Pancreatic cancer risk predicted from disease trajectories using deep learning

Introduction

The repository contains the code implementation used for the paper Pancreatic cancer risk predicted from disease trajectories using deep learning. We used disease trajectories from EHR to calculate the risk of developing pancreatic cancer at different intervals after the assessment. The repository supports different deep learning models.

Usage

Data structure

In the data folder you can find a synthetic data with the same structure of the data used in the study. In case you want to reproduce the results on another dataset you need to generate a json file having the same structure. The events do not need to be sorted by 'admdate'.

{
    "PID_0":{
        "birtdate":"1900-01-01",
        "end_of_data":"2022-01-01",
        "events":[
            {
                "admdate":"2000-01-01",
                "admid":"00000000",
                "codes":"E10",
            },
            {
                "admdate":"1990-01-01",
                "admid":"00000001",
                "codes":"C25",
            }
        ]
    },


    
    "PID_9999":{
        "birtdate":"1900-01-01",
        "end_of_data":"2022-01-01",
        "events":[
            {
                "admdate":"1980-01-01",
                "admid":"00000002",
                "codes":"K54",
            },
            {
                "admdate":"2010",
                "admid":"00000004",
                "codes":"C10",
            }
        ]
    }
}

STEP 1

In order to run any experiment, a config file file needs to be saved under the configs folder. Check the possible arguments in the parsing file

{
  "search_space": {
    "metadata":["data/sample_diag_data.json"],
    "train":[true],
    "dev":[true],
    "test":[false],
    "epochs":[2],
    "num_workers":[8],
    "cuda":[true],
    "hidden_dim":[256],
    "model_name": ["transformer", "gru", "bow"],
    "optimizer": ["adam"],
    "init_lr":[1e-03, 1e-04],
    "train_batch_size": [4],
    "eval_batch_size": [4],
    "max_batches_per_train_epoch": [5],
    "max_batches_per_dev_epoch": [5],
    "max_events_length": [1000],
    "max_eval_indices": [10],
    "pad_size": [200],
    "eval_auroc": [true],
    "eval_auprc": [true],
    "eval_c_index": [true],
    "data_setting_path": ["data/settings_sample_data.yaml"]
  },
  "available_gpus": [1]
}

In the data folder a YAML file must be saved with the following information: - PANC_CANCER_CODE [required]: used to define the outcome - END_OF_TIME_DATE [required]: date of the last possible record in the data - KNOWN_RISK_FACTORS [optional]: used to run experiment using uniquely the known risk factors - ICD8_MAPPER_NAME, ICD9_MAPPER_NAME, ICD10_MAPPER_NAME [optional]: files uses in the visualization to transform disease codes to plain text.

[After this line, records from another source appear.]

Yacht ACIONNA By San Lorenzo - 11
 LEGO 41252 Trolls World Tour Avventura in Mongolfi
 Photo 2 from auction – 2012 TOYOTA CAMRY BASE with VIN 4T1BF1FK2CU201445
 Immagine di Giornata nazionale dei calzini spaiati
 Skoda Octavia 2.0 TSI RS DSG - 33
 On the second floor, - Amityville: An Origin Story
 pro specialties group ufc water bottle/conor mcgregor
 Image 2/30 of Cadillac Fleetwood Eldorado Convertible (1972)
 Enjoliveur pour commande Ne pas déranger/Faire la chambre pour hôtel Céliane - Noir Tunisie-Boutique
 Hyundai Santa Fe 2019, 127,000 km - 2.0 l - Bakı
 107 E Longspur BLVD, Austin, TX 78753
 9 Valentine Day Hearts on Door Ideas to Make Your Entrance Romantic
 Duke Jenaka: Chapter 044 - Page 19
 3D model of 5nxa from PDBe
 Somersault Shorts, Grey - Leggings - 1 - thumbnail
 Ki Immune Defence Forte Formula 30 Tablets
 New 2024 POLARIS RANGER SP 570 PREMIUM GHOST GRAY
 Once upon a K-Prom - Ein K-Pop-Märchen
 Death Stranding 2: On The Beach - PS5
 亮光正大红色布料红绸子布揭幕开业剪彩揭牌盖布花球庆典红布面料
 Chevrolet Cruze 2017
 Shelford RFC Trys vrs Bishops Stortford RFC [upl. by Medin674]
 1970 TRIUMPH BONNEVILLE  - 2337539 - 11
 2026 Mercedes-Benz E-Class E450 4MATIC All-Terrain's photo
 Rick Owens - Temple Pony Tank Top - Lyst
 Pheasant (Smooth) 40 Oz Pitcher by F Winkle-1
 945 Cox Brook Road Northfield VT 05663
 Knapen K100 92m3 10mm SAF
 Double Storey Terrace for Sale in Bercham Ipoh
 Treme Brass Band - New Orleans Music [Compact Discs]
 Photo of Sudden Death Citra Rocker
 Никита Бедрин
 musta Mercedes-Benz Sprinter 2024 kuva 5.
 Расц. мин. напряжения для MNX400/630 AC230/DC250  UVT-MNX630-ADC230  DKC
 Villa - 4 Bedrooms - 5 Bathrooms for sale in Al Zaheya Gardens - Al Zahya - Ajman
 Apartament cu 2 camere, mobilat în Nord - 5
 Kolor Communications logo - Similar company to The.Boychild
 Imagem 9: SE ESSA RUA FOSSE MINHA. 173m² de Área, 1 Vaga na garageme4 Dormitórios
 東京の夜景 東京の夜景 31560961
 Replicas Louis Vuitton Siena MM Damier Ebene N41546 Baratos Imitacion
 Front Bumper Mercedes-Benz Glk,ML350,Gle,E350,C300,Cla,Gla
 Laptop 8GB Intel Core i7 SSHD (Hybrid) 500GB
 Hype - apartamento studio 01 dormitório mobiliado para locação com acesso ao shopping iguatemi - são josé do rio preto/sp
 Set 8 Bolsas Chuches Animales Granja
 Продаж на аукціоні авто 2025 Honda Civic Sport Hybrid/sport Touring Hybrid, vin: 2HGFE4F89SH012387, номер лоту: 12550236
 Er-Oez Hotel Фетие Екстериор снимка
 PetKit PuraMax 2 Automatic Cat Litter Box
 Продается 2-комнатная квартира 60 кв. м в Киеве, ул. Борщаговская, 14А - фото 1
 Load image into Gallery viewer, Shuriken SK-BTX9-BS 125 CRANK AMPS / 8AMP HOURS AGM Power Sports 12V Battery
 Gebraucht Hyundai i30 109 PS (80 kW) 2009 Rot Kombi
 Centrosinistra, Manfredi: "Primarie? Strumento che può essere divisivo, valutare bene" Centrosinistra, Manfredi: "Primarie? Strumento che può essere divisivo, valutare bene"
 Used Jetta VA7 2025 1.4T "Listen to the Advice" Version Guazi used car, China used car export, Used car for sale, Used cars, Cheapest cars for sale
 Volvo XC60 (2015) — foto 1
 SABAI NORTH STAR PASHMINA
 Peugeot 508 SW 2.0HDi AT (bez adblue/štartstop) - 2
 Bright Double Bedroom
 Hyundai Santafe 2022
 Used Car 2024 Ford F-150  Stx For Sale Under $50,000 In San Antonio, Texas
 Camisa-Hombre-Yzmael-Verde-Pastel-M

Before running any experiments few checks on the requirements, along with constructing the vocabulary for the models, have to be done running the following command:

python scripts/Step1-CheckFiles.py --experiment_config_path configs/sample_grid_search.json

Resolve the possible error and warnings raised by the script before proceeding with the next step.

STEP 2

The command used to run experiments is:

python scripts/Step2-ModelTrainScheduler --experiment_config_path configs/sample_grid_search.json --search_name sample_search --scheduler single_node_scheduler

The --scheduler single_node_scheduler (default) runs the experiment sequentially on the machine where the script is launched. An initial support is also available for torque/moab and google cloud (see --help).

STEP 3

At the end of Step2 output you can find the command you should probably run to collect the grid search you just run.

python -u scripts/Step3-CollectSearchResults.py \
    --experiment_config_path configs/sample_grid_search.json \
    --search_dir searches/untitled-search_d94b4902_20220210-2247 \
    --result_dir results/untitled-search_d94b4902_20220210-2247

Note that the folder name inside searches and results (in the example example untitled-search_d94b4902_20220210-2247) is generated using the --search_name argument used in Step2 (untitiled-search is default), a short MD5 extracted from the specific parameter for that exact grid search and the datetime. In this way each hyperparameter search will never generate the same folder with the same name.

If the collection returns some warning (i.e. missing test because the --test flag was not used in the search config) it is possible to rerun Step2 using the in search config the parameter --resume_from_result, which will reload the model and arguments and will run --train / --dev/ --test accordingly to the new config.

STEP 4

The final step to collect the results is to generate a table with all the metrics (including CI) running the command below.

python scripts/Step4-ResultBootstrap.py --search_metadata searches/untitled-search_d94b4902_20220210-2247/performance_table.csv

The file performance_table.csv is the output file generated in the Step3 and contains all the experiment that will be used in Step4 to generate the new table with metrics/confidence intervals/curves coordinates. Use the flag --filename to specify the name of the Step4 output.